Task
I would like the records restated word for word, without the pictures.

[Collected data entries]
_ _ _ _ _
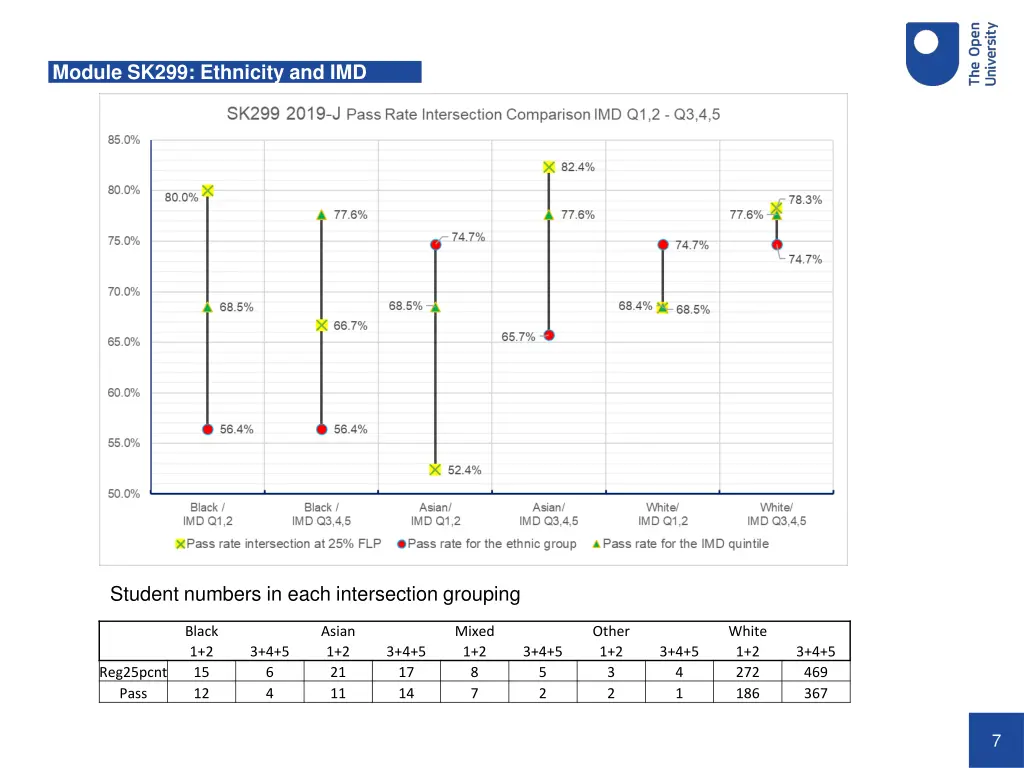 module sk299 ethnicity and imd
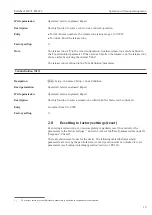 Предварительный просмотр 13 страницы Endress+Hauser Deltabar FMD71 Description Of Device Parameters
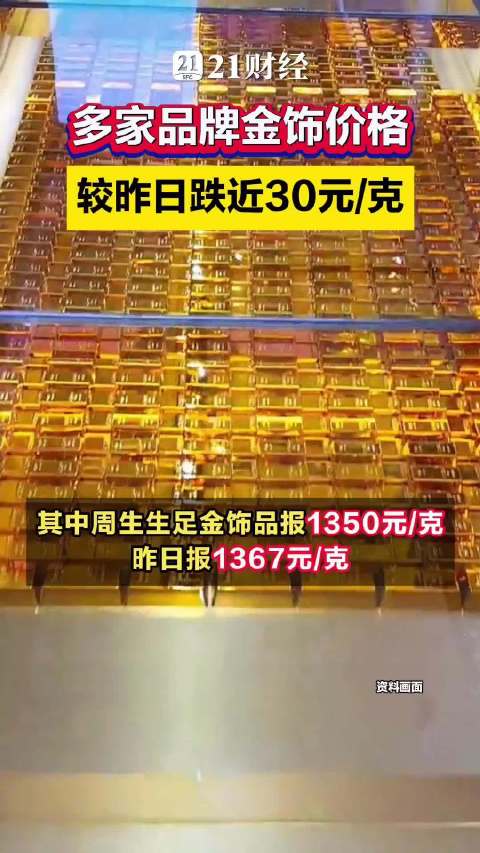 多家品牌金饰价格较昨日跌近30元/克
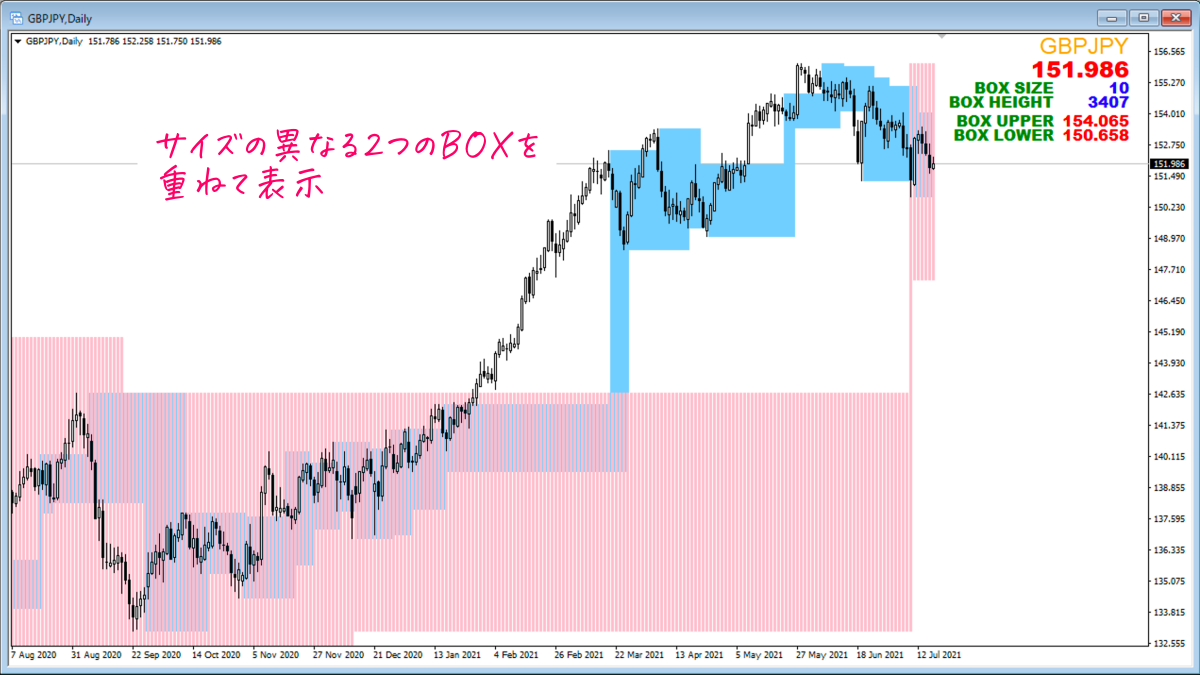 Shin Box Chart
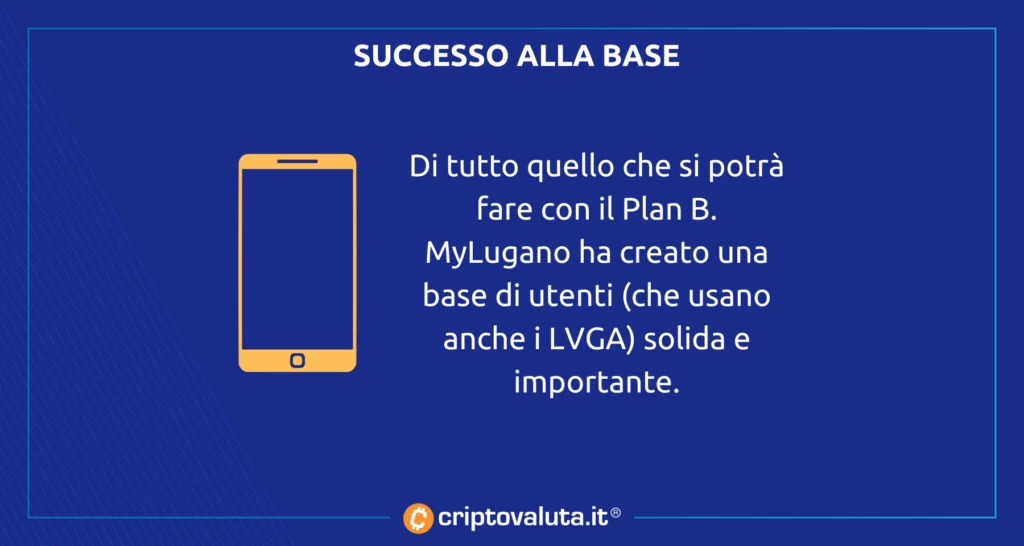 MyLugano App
_ _ _ _ _
Answer for the task
 module sk299 ethnicity and imd
 Предварительный просмотр 13 страницы Endress+Hauser Deltabar FMD71 Description Of Device Parameters
 多家品牌金饰价格较昨日跌近30元/克
 Shin Box Chart
 MyLugano App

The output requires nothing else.